高校卒業後、周りのみんなは文化服装学院に進みました。山野美容専門学校に進んだのは僕だけ。ファッションと美容、どちらの道に進むか迷いましたが、決め手になったのは、美容師からファッションスタイリストになった著名なかたからのアドバイス。父親の紹介でじっくり話を聞いてもらう機会をいただき、話すなかで「もう美容師になるって決めてるんじゃない?」と背中を押されて、美容の道を進むことにしました。
第一志望のサロンは不合格…偶然見つけたサロンに入る
美容専門学校では真面目でも不真面目でもなく、何でもそつなくこなすタイプの学生でした。すごく生意気なんですが、高校生のときにクリエイティブを目一杯やってきたこともあり、学内のイベントにはあまり力が入らなかったんですよ。一方で、文化服装学院の学生がつくっている雑誌で、ヘアメイクをしたことはありました。一緒につくった子たちは、クリエイティブなパワーを持っていましたね。
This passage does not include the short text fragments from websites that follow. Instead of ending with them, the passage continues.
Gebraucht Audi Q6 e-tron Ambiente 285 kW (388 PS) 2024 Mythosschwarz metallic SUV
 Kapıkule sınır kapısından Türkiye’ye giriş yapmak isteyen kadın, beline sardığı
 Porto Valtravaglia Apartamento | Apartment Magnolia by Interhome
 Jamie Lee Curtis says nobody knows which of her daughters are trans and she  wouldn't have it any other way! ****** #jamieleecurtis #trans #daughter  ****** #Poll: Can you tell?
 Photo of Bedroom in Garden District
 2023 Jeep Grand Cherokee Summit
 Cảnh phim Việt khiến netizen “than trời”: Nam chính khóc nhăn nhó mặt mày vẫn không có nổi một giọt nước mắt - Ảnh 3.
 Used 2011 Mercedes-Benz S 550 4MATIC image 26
就職活動では、東京で一番センスがいいと言われることもある有名店を受けました。でもそのサロンに落ちてしまったんです。仕方がないので気持ちを切り替えて、サロン見学をすることに。代官山のサロンを見学したあとに偶然見つけたのが、最初に勤めたサロンです。カッコいいなと思ってそのまま階段を下りて、「ここで働きたいんですけれど」と言うと「履歴書ある?」と言われました。その日の夕方に履歴書を提出して、そのまま入ることが決まったんですよ。ちょうど人が辞めるタイミングだったようです。
みんな同じだと思うんですが、アシスタントの仕事に慣れるまではめちゃくちゃ大変でした。でも、僕は仕事も遊びも100%でやりたいタイプ。できるだけ早くサロンにいき、しっかり練習して、仕事が終わったら夜中の3時くらいまでスケボーをするという生活をしていました。